La comunidad indígena Shuar, en la cuenca amazónica de Ecuador y Perú, es una de las pocas que los españoles nunca pudieron doblegar cuando llegaron a América.
Sin embargo, no es tanto su fortaleza y espíritu guerrero lo que despierta la curiosidad popular -e incluso la de los investigadores- sino su peculiar tradición de achicar cabezas.
De hecho, aunque hay otras tribus en el mundo que les cortan la cabeza sus enemigos, los Shuar son los únicos que además le reducían su tamaño.
La tribu -a la que también se conoce con el nombre de Jíbaros, un término que originalmente se usó de forma despectiva- no ha desparecido, aunque hoy está en contacto con el mundo moderno.
No obstante, su práctica ritual -que requiere habilidad, precisión y paciencia- cayó en desuso después de que fuera prohibida en Perú en los años 50 y una década más tarde en Ecuador.
¿Pero para qué lo hacían? Y ¿qué técnica empleaban para crear una tsantsa (el nombre que le daban a las cabezas una vez reducidas?
Vivos después de muertos
Un concepto clave para entender sus motivaciones es que los Shuar creen en la vida después de la muerte y le dan una gran importancia al mundo espiritual.
Al matar a un enemigo, su espíritu sigue vivo, dentro de su cabeza.
Al cortarla primero y reducirla después, el vencedor se apodera del espíritu del vencido.
"La idea era atrapar al espíritu demoníaco, para evitar que vengue la muerte del guerrero vencido", le explica a BBC Mundo Tobias Houlton, antropólogo de la Universidad Witwatersrand, en Sudáfrica.
"El propósito de la reducción no era destruir al espíritu sino esclavizarlo", añade.
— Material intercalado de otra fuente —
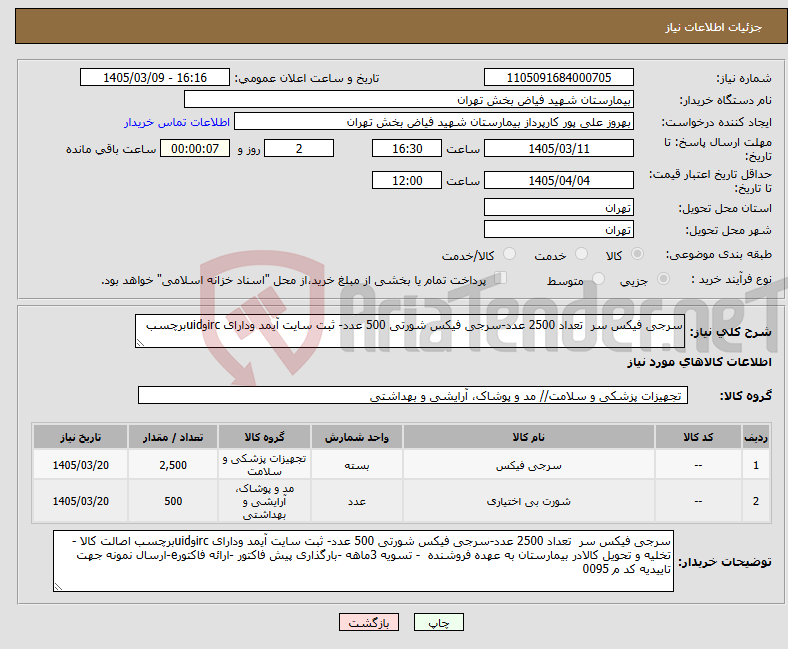 تصویر کوچک آگهی نیاز کالا-سرجی فیکس سر تعداد 2500 عدد-سرجی فیکس شورتی 500 عدد- ثبت سایت آیمد ودارای ircوuidبرچسب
Ellos creían que "el espíritu continuaba viviendo dentro de la cabeza, pero ahora trabajaba en beneficio del vencedor".
Receta para achicar cabezas
Una vez cortada la cabeza, los Shuar hacían una incisión en la parte de atrás y arrancaban la piel del cráneo.
Con un elemento cortante le quitaban los ojos, los músculos y la grasa.
Cerraban los orificios con espinas y luego cocían la piel en agua de río sobre una fogata (sin dejar que el agua alcanzara el punto de hervor) durante media hora.
"Si hervía, se corría el riesgo de que se la piel se partiese y se desprendiera el cabello", explica el antropólogo.
"Cuando retiraban la piel del cuenco, la cabeza ya se había reducido a un tercio de su tamaño original".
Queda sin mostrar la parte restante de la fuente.